Wednesday, August 16, 2006

Messiaen

The more I learn this guy’s music, the more I regret not being born in time to have met him.

Yesterday was a rough day for me, and it may take me a while to cope. Popping in his opera “Saint François d’Assise” (Nagano conducting, on D-G) is like a balm. He was such an oddball, and as on fire with the faith as it seems any could expect to be in his profession. A genius, he basically won every prize he could have applied for - piano, organ, history, composition, counterpoint, ... and his musical œuvre is (almost) all directed to God.

This opera .... I dunno. It’s hard going down at first, but it’s nothing like Schoenberg. It fills four CDs, and the score is in 8 oversize books - quite heavy.

His was such a joy-filled faith - nothing on pain or suffering in his work, but all about things like the appearance of the Eternal Church, the Ascension - the glory stuff. (Kind of an antithesis of the doom-and-gloom image some paint of the pre-V2 Church.)

He wrote one piece of liturgical music (that I know), an “O sacrum convivium” from the 1930s. It is simply stunning. Simple in form and even in texture - all homophonic, but his harmonic language is so original and passionate.

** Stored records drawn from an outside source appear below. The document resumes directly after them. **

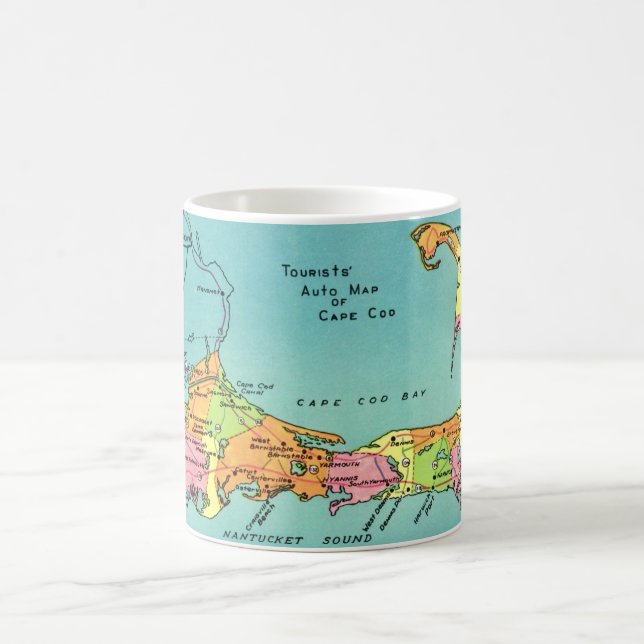 Old Cape Cod Map Kaffeetasse (Mittel)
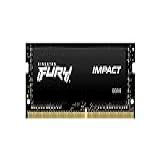 KF432S20IB 8 Memória 8GB SODIMM DDR4 3200Mhz FURY Impact 1 35V 1Rx8 260 Pinos Para Notebook Preto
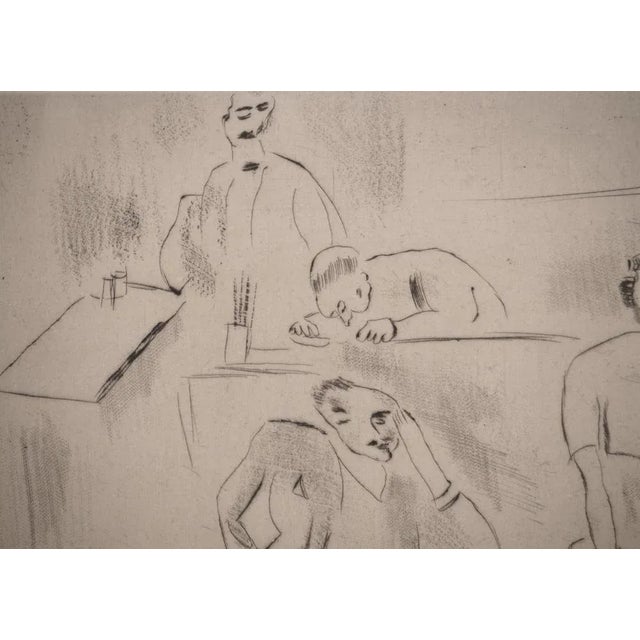 Jules Pascin, At the Ball, Original Engraving For Sale - Image 5 of 7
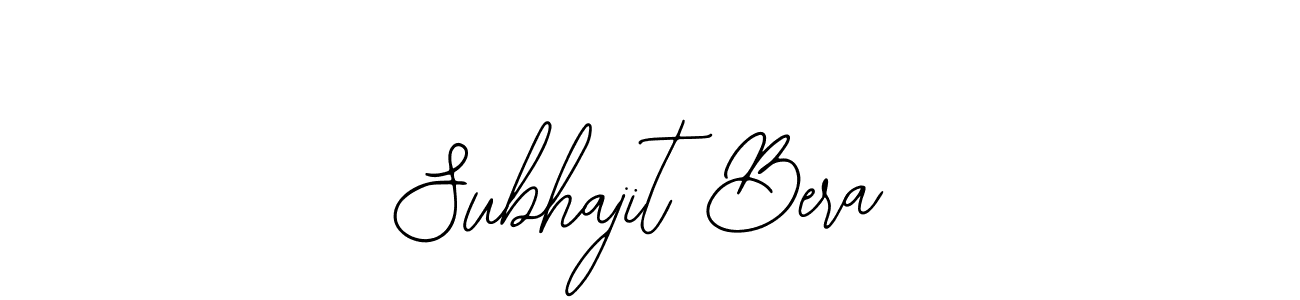 The best way (Bearetta-2O07w) to make a short signature is to pick only two or three words in your name. The name Subhajit Bera include a total of six letters. For converting this name. Subhajit Bera signature style 12 images and pictures png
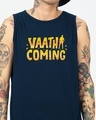 Shop Vaathi Coming Round Neck Vest Navy Blue-Front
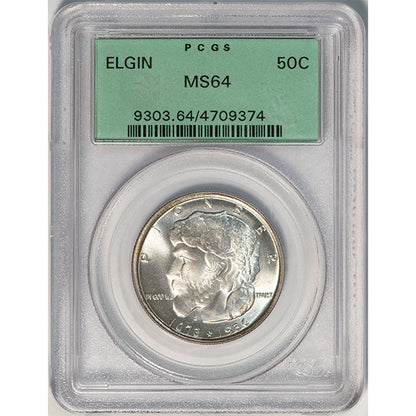 1936 50C Elgin PCGS MS64 Silver commemorative old holder slab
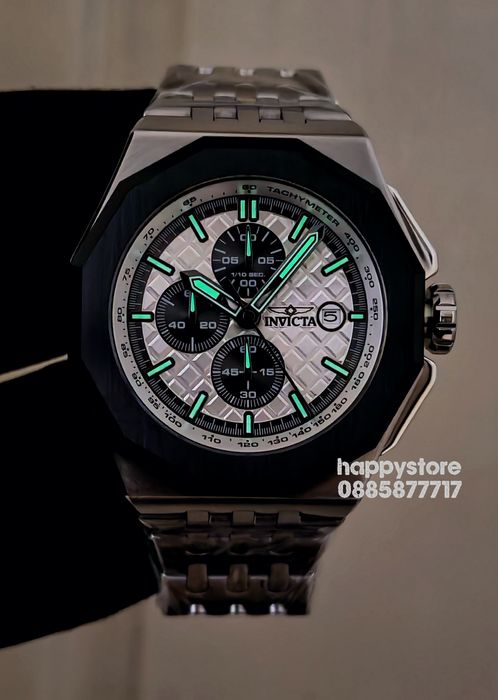 INVICTA Akula Silver steel 48 mm, Инвикта нов ръчен часовник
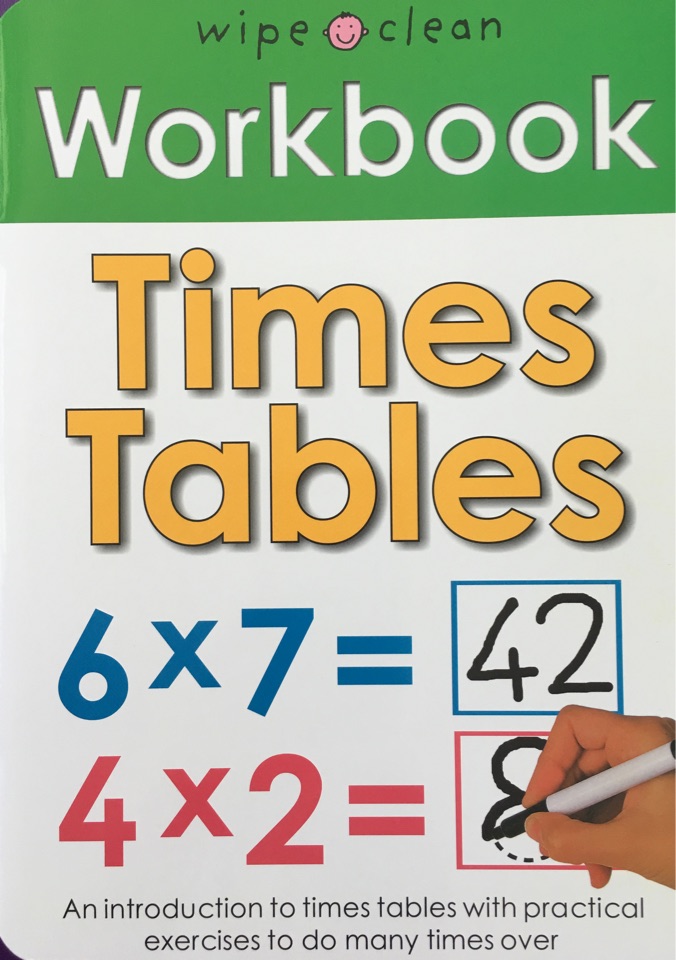 work book times tables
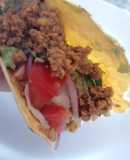 67.Tacos de carne vegana estilo Mejicano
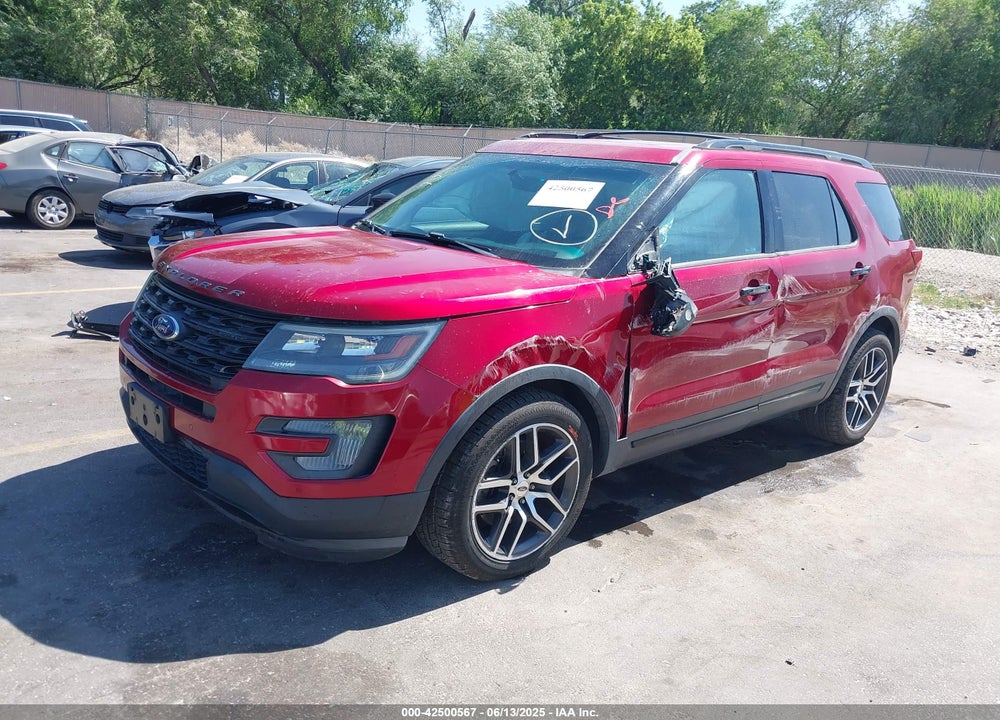 2016 FORD EXPLORER SPORT VIN: 1FM5K8GT8GGC05559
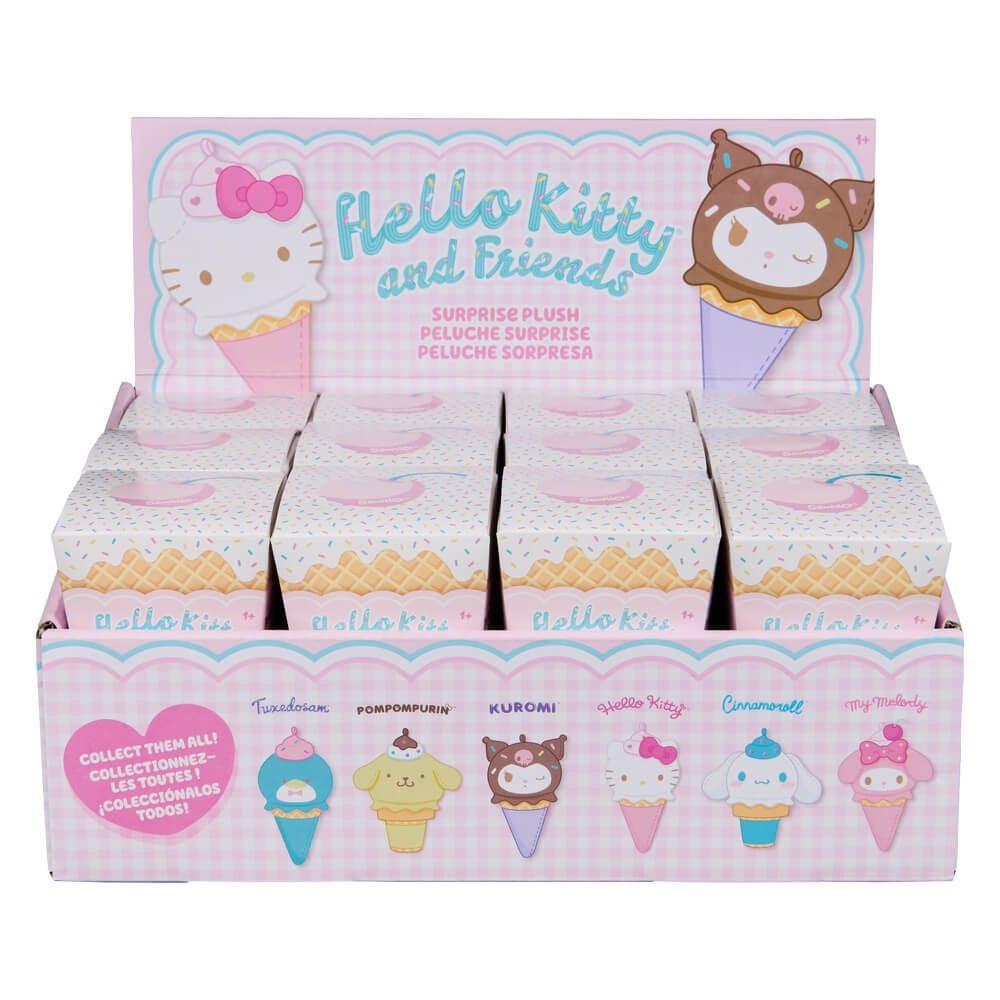 HELLO KITTY ICE CREAM SURPRISE PLUSH BLIND BOX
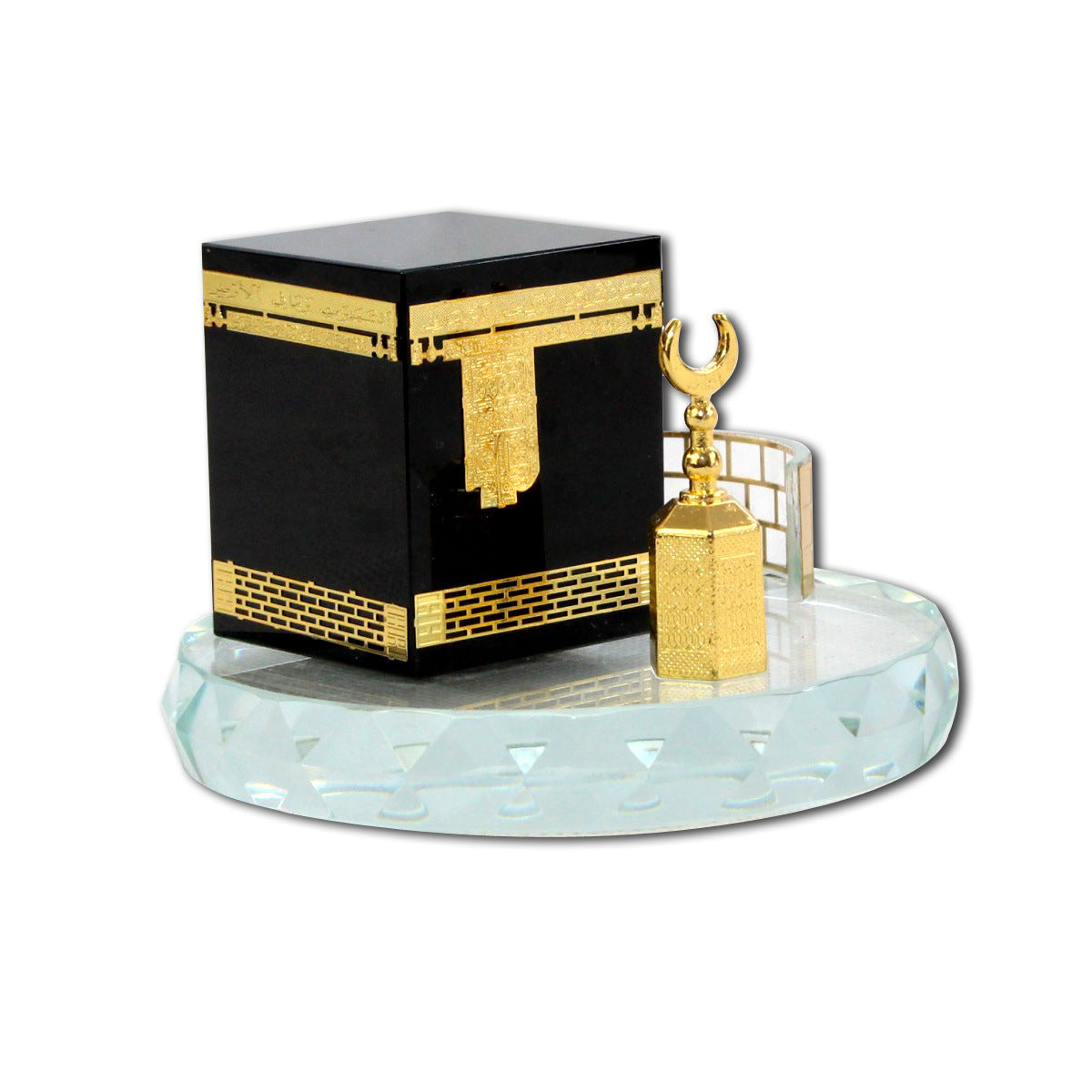 Round Kaaba Three-Piece Set Of Muslim Car Accessories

I have begun to think, too, that the “et futuræ gloriæ” is meant to be a musical “orgasm” - tying in the joy of the marital act to the Eucharist and to the “future glory” of salvation. (Decades before JP2’s Theology of the Body!)

I also highly recommend the Turangalila Symphony - the Naxos recording is unusually good.

6 Comments:

At Wednesday, August 16, 2006 11:49:00 AM, Anonymous Anonymous said...

Cantor, good stuff. Can you recommend a recording of the "O sacrum convivium"?

 
At Wednesday, August 16, 2006 12:27:00 PM, Blogger Cantor said...

The best I’ve heard was on a CD whose title and performers I can no longer remember. It was also the first I ever heard - I was just about in tears.

Most, or at least many, recordings I hear are, in my opinion, too bloody fast - Dale Warland falls into this category. Messiaen was all about the slow and meditative - he actually republished his first organ work, “Le banquet céleste”, when he heard people playing it too quickly (and it’s SLOW!). It really should be just over 5 minutes long, but you’ll see recordings that last less than half that time.

It’s not a long piece, so tons of groups have recorded it. I am listening now to the BBC Symphony Chorus, and it’s a good effort, but the sopranos don’t quite pull off the delicate top needed.

 
At Wednesday, August 16, 2006 10:41:00 PM, Anonymous Anonymous said...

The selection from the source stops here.